USCIRF Commissioner Arunima Bhargava, while dwelling on the CAA, highlighted the contradictions in the Modi government’s claims. “The Indian government has argued that the law’s purpose is to protect religious communities that face persecution in India’s neighbouring countries — though the law excludes Muslim communities facing persecution such as Ahmadis in Pakistan and Shias in Afghanistan.”
“Nor does it account for the Hindus facing persecution in neighbouring countries like the 445 Hindus who for the last few years have been confined to the Rohingya camps.’’

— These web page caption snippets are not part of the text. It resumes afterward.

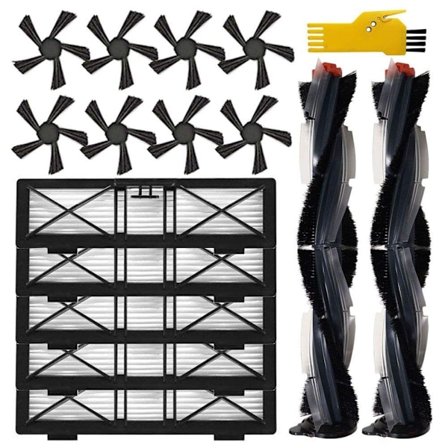 INF Tilbehør 16 deler Neato Botvac D75/D80/D85/D3/D4/D5/D6/D7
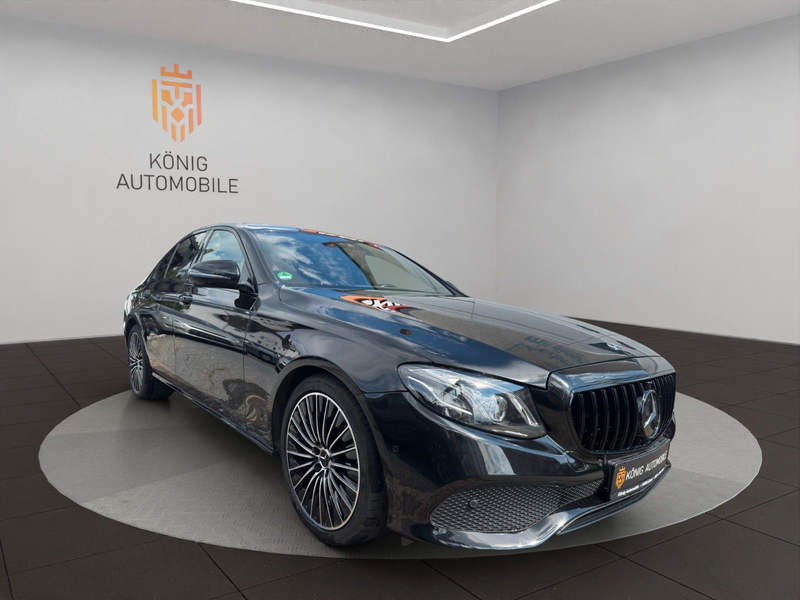 Mercedes-Benz E 200 Limousine/NIGHT/1.HAND/LED/AMBIENTE/LM — photo 8
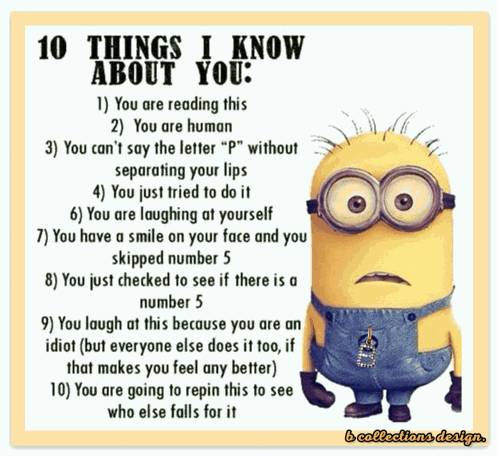Minions Blah Blah GIF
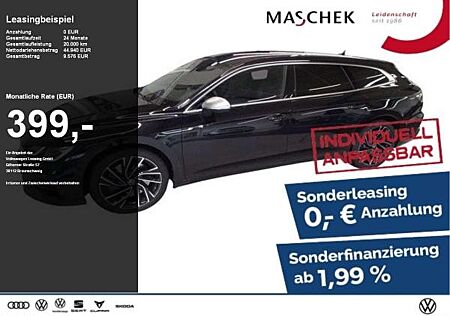 VW Arteon Volkswagen R Sonderleasing AHK Navi IQLight Anschlussg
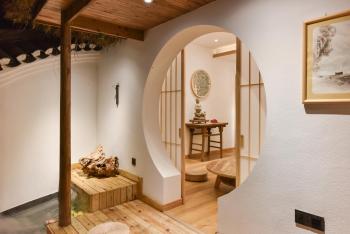 Yifangyan - Tingyuan Qingshe Hostel, Feng-chuang (fotografie 3)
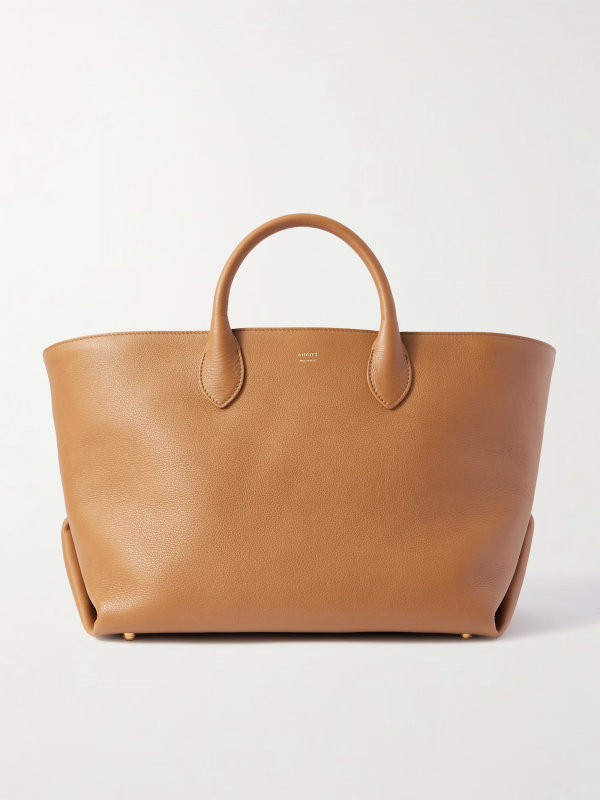 Khaite Amelia medium textured-leather tote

While Assam-based lawyer Aman Wadud provided details on the NRC process in his state, the director of the Centre for Contemporary Asia at Brown University, Ashutosh Varshney, said the CAA had created an enabling atmosphere for violence by suggesting that a community is not fully Indian and creating doubts about its loyalty.
Bhargava said: “This act of marginalisation creates an enabling atmosphere for those who think they can act on behalf of the nation.”
Since the USCIRF is mandated to make policy recommendations to the US Congress and the state department, Varshney suggested it would be better for Washington to talk diplomatically on such matters than resort to outright denunciation as that could invite questions on America’s stance on similar situations in other countries, including the condition of Uighurs in China.
India came under fire from across the political spectrum in the House of Commons in the UK on Wednesday with Labour, Scottish National Party, Liberal Democrat and ruling Conservative party legislators criticising the Modi government for the Delhi riots and the CAA, and urging the British government to take stronger action.